The problem is that filtering out the non-existing deleted records is not as easy as it sounds. So for example if I do this:
from c in A
select A.B.somefield;
This results in a OUTER JOIN in the generated SQL so it's picking up all the A records even if they refer to missing B records. So, the hack I've been using to solve this (since I can't figure out a better way!) is do add a where clause to check a string field in the referenced B records. If that field in the B entity is null, then I assume B doesn't exist.
from c in A
where c.B.somestringfield != null
select A.B.somefield;
seems to work IF B.somestringfield is a string. If it is an integer, this doesn't work!
This is all such a hack to me. I've thought of a few solutions but they are just not practical:
Query all tables that reference B when a B is deleted and null out their foreign keys. This is so ugly, I don't want to have to remember to do this if I add another entity that references B in the future. Not to mention a huge performace delay resolving all the references whenever I delete something.
Add a string field to every table that I can count on being there that I can check to see if the entity exists. Blech, I don't want to add a database field just for this.
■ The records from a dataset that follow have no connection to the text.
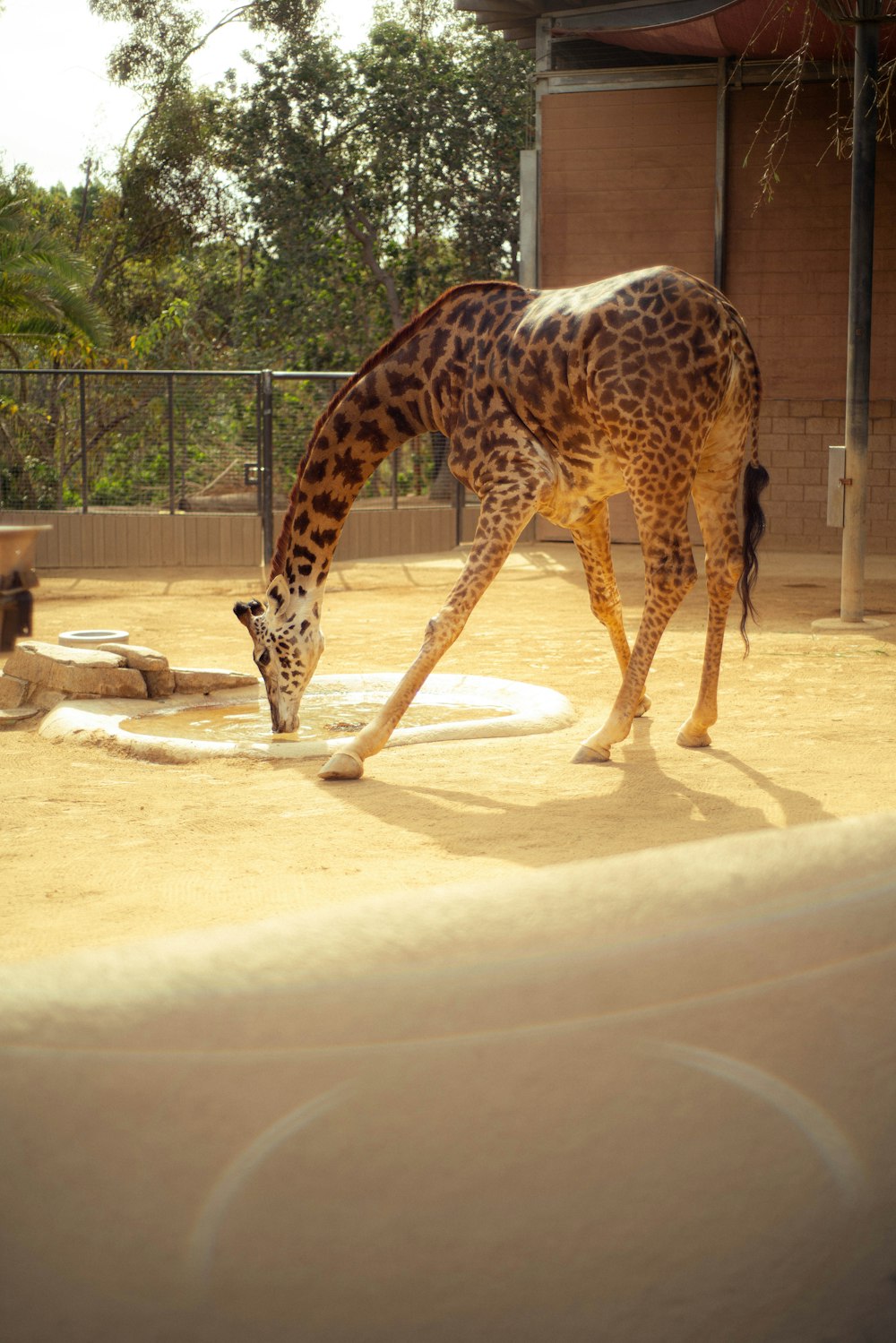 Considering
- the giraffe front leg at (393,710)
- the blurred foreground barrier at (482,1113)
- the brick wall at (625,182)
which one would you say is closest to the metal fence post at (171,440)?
the brick wall at (625,182)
Implement a soft delete and keep all the referencial integrity intact - essentially set up cascading deletes, but this is going to result is huge database bloat since I can't clean up a massive amount of records due to the references. No go.
I thought I had this problem licked with the "check if a field in the referenced entity is null" trick but it breaks under conditions that I don't completely understand (what if I don't have any strings in the referenced table? What kinds of fields will work? Integers won't.)
As an example if I have an integer field "count" in entity B and I check to see if it's null like:
from c in A
where c.B.count != null
select c.B.count;
I get a bunch of records with null for count mixed in with the results, and in fact the query bombs out with an "InvalidOperationException: The cast to value type 'Int32' failed because the materialized value is null. Either the result type's generic parameter or the query must use a nullable type."
So I need to do
from c in A
where c.B.count != null
select new { count = (int?)c.B.count };
to even see the null records. So this is pretty baffling to me how that query can result in null records in the results at all.
I just discovered something, if I do an explicit join like this, the SQL is INNER JOIN and everything works great:
from c in A
join j in B on A.B.ID equals j.ID
select c;
But this sucks. I'll have to modify a ton of queries to add explicit join clauses instead of enjoying the convenience of the relationship fields I get with the EF. Kinda defeats the purpose and adds a buch more code to maintain.
When you say that your first code snippet creates an OUTER JOIN then it's the case because B is an optional navigation property of entity A. For a required navigation property EF would create an INNER JOIN (explained in more detail here: https://stackoverflow.com/a/7640489/270591).
So, the only alternative I see to your last code snippet (using explicit join in LINQ) - aside from using direct SQL - is to make your navigation property required.
This is still a very ugly hack in my opinion which might have unexpected behaviour in other situations. If a navigation property is required or optional EF adds a "semantic meaning" to this relationship which is: If there is a foreign key != NULL there must be a related entity and EF expects that you don't have removed the enforcement of the FK constraint in the database.